Earth



This content originally appeared on Adactio: Journal and was authored by Adactio: Journal

While I’ve been listening to Hounds Of Love, I’ve also been reading Orbital by Samantha Harvey.

Here’s a passage from an early chapter as the crew of the International Space Station watch a typhoon forming:

How wired and wakeful the earth seems suddenly. It’s not one of the regular typhoons that haphazardly assault these parts of the world, they agree. They can’t see it all, but it’s bigger than projections had previously thought, and moving faster. They send their images, the latitudes and longitudes. They are like fortune tellers, the crew. Fortune tellers who can see and tell the future but do nothing to change or stop it. Soon their orbit will descend away to the east and south and no matter how they crane their necks backward at the earth-viewing windows the typhoon will roll out of sight and their vigil will end and darkness will hit them at speed.

They have no power – they have only their cameras and a privileged anxious view of its building magnificence. They watch it come.

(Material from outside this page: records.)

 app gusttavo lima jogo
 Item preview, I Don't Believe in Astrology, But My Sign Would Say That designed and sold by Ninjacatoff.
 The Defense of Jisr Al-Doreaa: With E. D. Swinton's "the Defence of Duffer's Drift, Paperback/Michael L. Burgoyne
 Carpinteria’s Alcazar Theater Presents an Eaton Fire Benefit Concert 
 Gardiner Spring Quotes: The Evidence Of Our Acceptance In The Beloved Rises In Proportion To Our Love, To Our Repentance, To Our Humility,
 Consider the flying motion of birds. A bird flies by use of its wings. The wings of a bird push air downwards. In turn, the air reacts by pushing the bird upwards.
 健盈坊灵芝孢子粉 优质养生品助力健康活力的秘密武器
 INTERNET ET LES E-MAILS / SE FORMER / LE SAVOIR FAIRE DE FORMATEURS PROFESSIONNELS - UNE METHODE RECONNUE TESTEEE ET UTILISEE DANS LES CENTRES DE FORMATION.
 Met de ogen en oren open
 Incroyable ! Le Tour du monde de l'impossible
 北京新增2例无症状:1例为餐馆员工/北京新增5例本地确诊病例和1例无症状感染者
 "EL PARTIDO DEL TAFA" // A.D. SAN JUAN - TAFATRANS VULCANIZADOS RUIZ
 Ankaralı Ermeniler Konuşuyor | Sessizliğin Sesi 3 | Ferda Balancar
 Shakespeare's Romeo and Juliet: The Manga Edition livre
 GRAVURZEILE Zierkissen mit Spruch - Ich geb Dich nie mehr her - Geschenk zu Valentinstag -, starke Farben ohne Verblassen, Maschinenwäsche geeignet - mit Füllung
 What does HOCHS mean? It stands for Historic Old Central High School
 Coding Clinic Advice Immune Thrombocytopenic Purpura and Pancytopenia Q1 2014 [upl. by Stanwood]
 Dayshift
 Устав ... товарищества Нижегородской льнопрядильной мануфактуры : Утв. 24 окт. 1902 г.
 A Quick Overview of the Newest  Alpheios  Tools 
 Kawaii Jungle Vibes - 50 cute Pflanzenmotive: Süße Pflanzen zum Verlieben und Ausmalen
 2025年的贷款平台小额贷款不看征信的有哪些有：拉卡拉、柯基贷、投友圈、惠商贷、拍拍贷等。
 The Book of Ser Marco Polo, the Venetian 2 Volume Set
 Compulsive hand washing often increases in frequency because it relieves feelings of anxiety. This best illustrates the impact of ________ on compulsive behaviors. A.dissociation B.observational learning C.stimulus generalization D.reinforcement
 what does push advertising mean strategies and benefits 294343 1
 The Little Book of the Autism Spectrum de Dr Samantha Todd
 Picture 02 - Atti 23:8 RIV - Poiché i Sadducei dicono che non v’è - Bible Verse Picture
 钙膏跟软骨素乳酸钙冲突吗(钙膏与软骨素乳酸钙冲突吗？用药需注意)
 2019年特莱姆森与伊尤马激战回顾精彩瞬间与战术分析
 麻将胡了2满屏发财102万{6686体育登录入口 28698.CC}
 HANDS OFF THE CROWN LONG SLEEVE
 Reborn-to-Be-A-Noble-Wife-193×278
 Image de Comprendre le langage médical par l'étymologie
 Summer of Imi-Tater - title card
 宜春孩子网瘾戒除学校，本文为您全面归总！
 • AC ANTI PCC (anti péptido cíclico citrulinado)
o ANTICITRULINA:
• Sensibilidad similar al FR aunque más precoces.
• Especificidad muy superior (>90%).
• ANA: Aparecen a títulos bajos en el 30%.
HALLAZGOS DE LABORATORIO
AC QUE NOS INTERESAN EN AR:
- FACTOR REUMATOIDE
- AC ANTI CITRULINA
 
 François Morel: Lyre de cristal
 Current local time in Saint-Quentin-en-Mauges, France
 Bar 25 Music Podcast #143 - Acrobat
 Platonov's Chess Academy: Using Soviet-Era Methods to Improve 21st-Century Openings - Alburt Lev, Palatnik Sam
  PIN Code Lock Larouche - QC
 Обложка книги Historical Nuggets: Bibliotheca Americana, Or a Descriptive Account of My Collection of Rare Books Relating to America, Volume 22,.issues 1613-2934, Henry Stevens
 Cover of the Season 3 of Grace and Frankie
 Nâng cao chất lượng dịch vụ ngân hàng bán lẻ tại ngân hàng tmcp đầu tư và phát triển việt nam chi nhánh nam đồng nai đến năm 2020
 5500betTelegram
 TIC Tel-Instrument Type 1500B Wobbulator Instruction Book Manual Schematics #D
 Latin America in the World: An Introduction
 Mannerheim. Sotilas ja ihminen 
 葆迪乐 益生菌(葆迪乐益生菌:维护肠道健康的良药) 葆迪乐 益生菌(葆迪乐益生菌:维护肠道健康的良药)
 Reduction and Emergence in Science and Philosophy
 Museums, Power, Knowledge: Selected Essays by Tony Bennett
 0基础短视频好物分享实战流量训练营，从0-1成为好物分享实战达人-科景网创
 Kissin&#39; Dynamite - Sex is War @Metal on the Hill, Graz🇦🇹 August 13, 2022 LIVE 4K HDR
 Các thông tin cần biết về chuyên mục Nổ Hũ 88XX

The penultimate track on Hounds Of Love is the magnificent Hello Earth with its eerie Georgian chant for a chorus, and magnificent uilleann piping from the late great Liam Óg O’Flynn on the bridge. It too features a narrator watching from space:

Watching storms

Start to form

Over America.

Can’t do anything.

Just watch them swing

With the wind

Out to sea.

All you sailors, (“Get out of the waves! Get out of the water!”)

All life-savers, (“Get out of the waves! Get out of the water!”)

All you cruisers, (“Get out of the waves! Get out of the water!”)

All you fishermen,

Head for home.

Matching the song to the book feels like pairing a fine wine with a delicious morsel.